The Moons of Mars

Grove Koger

For a time, I considered naming my blog Worlds Enough, since my interests extend quite a bit beyond our earthly domain. But I stuck with World Enough for simplicity’s sake. However, that’s no reason not to look outward from time to time. Consider, for instance, the moons of Mars, which you see above in an image from NASA.

We know those tiny satellites today as Phobos and Deimos, names that mean, respectively, fear and panic. The names are appropriate, as the two were the sons of Ares, the Greek god of war, or (as the Romans knew him) Mars.

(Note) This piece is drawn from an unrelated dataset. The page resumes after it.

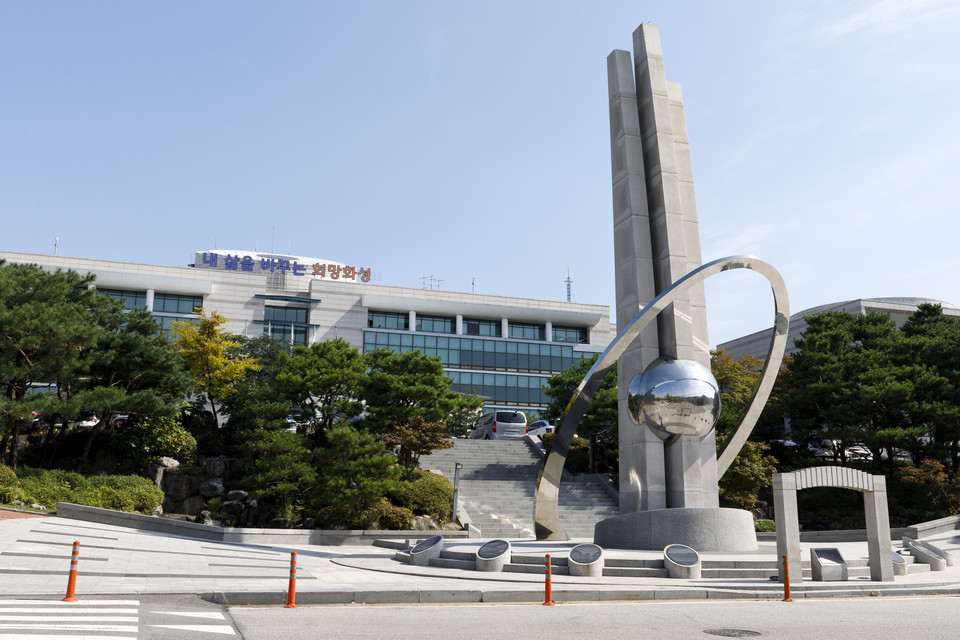 화성특례시가 급증하는 치안 수요에 대응하기 위해 11일 경기남부경찰청에 경찰서 신설을 촉구하는 건의문을 전달했다. 사진은 화성시청 전경. (사진제공=화성시)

The two satellites were discovered within a few days of each other by American astronomer Asaph Hall (seen above) in August 1877. However, their discovery was, in a sense, anticipated a century and a half earlier by Jonathan Swift, who referred to two Martian moons in his satirical 1726 novel Gulliver’s Travels. A quarter of a century later, Voltaire, who presumably had read a translation of Swift’s novel, mentioned two Martian moons in his satirical 1752 novella Le Micromégas.

A logical mathematical explanation for these anticipations has been advanced. According to this line of reasoning, Venus has no moon, earth has one, and Jupiter was known (in the eighteenth century) to have four. Therefore, Mars ought to have … two. Of course Mercury, which was known to the ancient Greeks, has no moons either. Oh well.

Closer to our own day, radical cosmologist Immanuel Velikovsky argued that the two Martian moons were familiar to the ancients because Mars swept by the earth in a near miss several thousand years ago. “When Mars was very close to the earth,” he wrote in Worlds in Collision (1950), the two moons were perfectly visible. “They rushed in front of and around Mars; in the disturbances that took place, they probably snatched some of Mars’ atmosphere, dispersed it was, and appeared with gleaming manes.” Besides being radical, Velikovsky’s theories regarding the modern configuration of the solar system were wildly wrongheaded, which doesn’t mean that they weren’t a lot of fun. For my take on him and the controversy he created, see my post for June 10, 2018.

A few decades before the appearance of Velikovsky’s work, however, budding American writer Edgar Rice Burroughs had taken up the subject, in a sense, in a science fiction adventure novel published as a serial under the title Under the Moons of Mars in All-Story Magazine. I find that title wonderfully evocative, but the novel is known today, a little more prosaically, as A Princess of Mars. But that’s a story for another day.